このままでは俺の心も晴れない。一刻も早く容疑も心も晴らして、澄んだ青空のような俺の心を取り戻さなければ。


「いや、健康体なのに学校行かねぇならサボりだろ」

「諸事情によって行けないならサボりじゃないだろ!!俺が学校行ったせいで、関係無い人達まで巻き込まれたらどうするつもりだ!」


そうだそうだ!そうだぞ俺!俺が学校行って、そこに残念魔王が来ちゃったら、関係無い人達まで巻き込まれちゃうからね!!よく気付いた俺!偉いぞ俺!


「おーおー、最もらしいこと言っちゃって。…秋、どう思う?」

「…半々だろう」

「半々ね(笑)修行しなくちゃヤバいかもって焦ってるの半分、でもそれで学校行かないでいいなら、それはそれでラッキーって思ってるの半分、てとこか」


ぐふぅぅぅっ。


キレ者2人相手にぐうの音も出ない程ではなかったが、ぐぅの音とふの音しか出なかった。



「ふははっ、秋の慧眼と俺の洞察力に敵うと思うなよ?」



くっそぉー。



秋仁さんの慧眼は流石だと思うが変人に言われると癇に障る。もちろん言わずもがな秋仁さんに対しては尊敬一択しかない。が、変人に対しては癪に触る。変人の洞察力が鋭いところも腹立たしいし悔しい。くそー。


「…まったく」


親父が呆れ気味だ。しかし、修行も確かに必要なので説教もできない、といったところだろう。


「…修行について、自分なりの考えや計画があるのか?」


さっすが秋仁さん!!そういうところホント大好きです!


「はい!まずは内気、外気の修練の強化をしたいと思います!」


気功法の一つ、内気は、自分の体内にある気を上手く循環させ、内臓の働きを良くしたり、肉体を強化したり、毒や悪い気などを身体の外に排出したりなど、主に自分に対してつかう。


反対に外気は、体の外側にある気を巡らせ、自分の守りを強化したり、人や物に放つ事で攻撃手法にしたり、相手のヒーリングを行ったりなど用途は様々だ。


残念魔王の格闘能力と謎の爆破能力に対抗するには、内気(更に身体を柔らかくし、動かしやすくするための軟気)・外気(特に武術用の硬気)を強化しておく必要がある。


しかしこれは自分を守るための最低条件だ。
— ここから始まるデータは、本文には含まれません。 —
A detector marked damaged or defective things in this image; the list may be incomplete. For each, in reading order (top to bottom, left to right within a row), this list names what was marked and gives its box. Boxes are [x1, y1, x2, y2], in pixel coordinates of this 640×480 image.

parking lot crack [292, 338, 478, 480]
勝つためにはこれ以上の事をしなければならない。


内気・外気は、あくまで自分の体内や自分の周りに有る気を練ったり循環させるだけで、自然界の気を自在に操れるわけではない。

しかし、勝つためには自然界の気を自在に少しでも自分に取り込んだり、動かせたり出来なくてはならない。
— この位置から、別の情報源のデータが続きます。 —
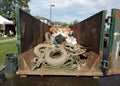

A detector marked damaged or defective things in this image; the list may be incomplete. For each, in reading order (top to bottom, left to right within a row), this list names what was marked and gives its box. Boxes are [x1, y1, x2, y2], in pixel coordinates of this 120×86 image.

rusty dumpster wall [16, 8, 49, 53]
rusty dumpster wall [71, 10, 106, 53]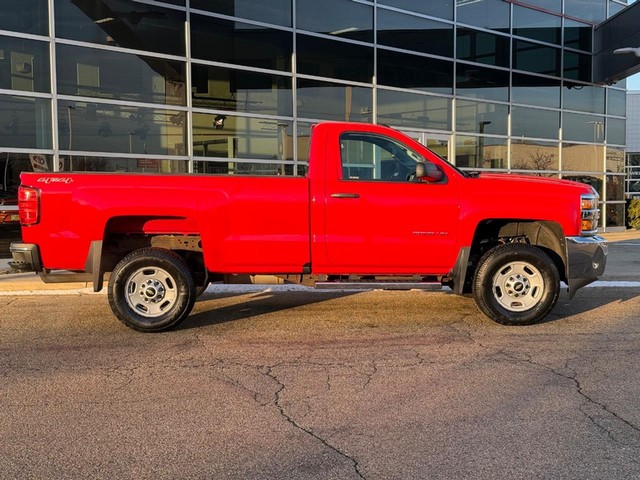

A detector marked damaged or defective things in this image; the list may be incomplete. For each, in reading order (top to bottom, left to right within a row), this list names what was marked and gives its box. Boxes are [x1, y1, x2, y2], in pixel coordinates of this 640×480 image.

cracked asphalt [1, 280, 640, 478]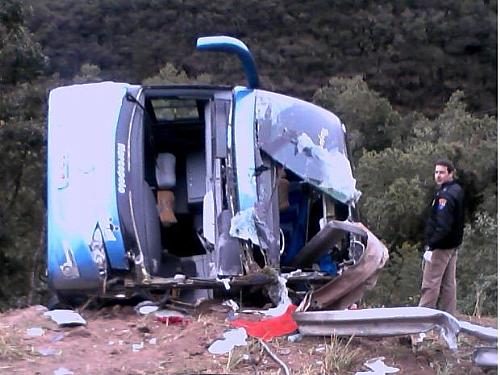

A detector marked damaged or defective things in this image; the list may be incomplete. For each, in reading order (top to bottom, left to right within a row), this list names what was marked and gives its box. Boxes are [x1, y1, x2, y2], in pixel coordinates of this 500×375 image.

wrecked bus body [47, 36, 382, 306]
overturned bus [47, 36, 386, 310]
torn metal panel [258, 89, 360, 204]
shattered window glass [258, 89, 360, 204]
crumpled metal sheet [308, 225, 390, 310]
torn metal panel [310, 225, 388, 310]
torn metal panel [292, 308, 460, 350]
crumpled metal sheet [292, 306, 496, 354]
torn metal panel [472, 348, 496, 368]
なんて言うだけなら容易いが、そんなん出来たら仙人レベルである。このご時世この国にそんな仙人居るわけがない…が、



居た!!すごく身近に!!!本人は隠しているつもりかもしれないが、俺の超感覚には敵わないぜ!!ふはは


あとで交渉してみるとしよう。



あとは、逆に、放たれた気を避けたり、受けたりする特訓もしないとだよな。



法力は、、、すぐに上がるものでもないので、こればっかりは地道にサボらず、毎日コツコツ仏道修行して功徳を積んでいくしかないだろう、、、。はぁ、、、。



「…なるほど。とりあえず最低限の基礎の底上げか」

「はい!!」

「…善、本来なら気をつかう修行の機会など日常生活の中で幾らでもあったのだぞ」

「…わかってるよ。掃除にしても坐禅にしても、何にしても、幾らでも機会はあった。自分の怠惰が今になってよく分かったよ」


そう、例えば俺が子供の頃からよくサボっていた掃除。

雑巾掛けにしても、内気(軟気)で身体を柔らかく動かしやすくしておいて、足に気を集中させればスピードも出せるし、筋肉への負担も少なく済むから疲れにくくなる。
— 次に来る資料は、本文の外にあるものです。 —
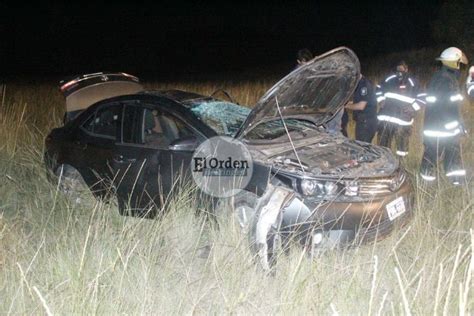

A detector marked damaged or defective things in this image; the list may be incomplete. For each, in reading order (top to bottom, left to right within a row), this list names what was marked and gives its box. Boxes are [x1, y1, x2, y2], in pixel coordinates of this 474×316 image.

shattered windshield [190, 100, 252, 136]
shattered windshield [244, 119, 318, 141]
damaged dark sedan [45, 48, 414, 268]
crumpled hood [250, 133, 398, 178]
よく眠りこけていた坐禅や、飽きて落書きしてしまう写経、異世界妄想世界へトリップしてしまう読経の時間も、呼吸を整え集中しながら、体内の気を循環させる静功も同時に行えた。内気で気や血液の循環を良くしておけば足の痺れや疲れも軽減出来る。


他にもまだまだ出来ることはたくさんあった。

これらを小さい頃からずっと続けていれば…残念魔王など相手ではなかったかもしれない。


修行か……。あ、そうか。


これが貧乏神様の言う、自分を成長させる試練?…なるほど。


なら、俺はまだまだこれからだ!俺は伸び代がある子だから今からでも全然大丈夫!!(希望)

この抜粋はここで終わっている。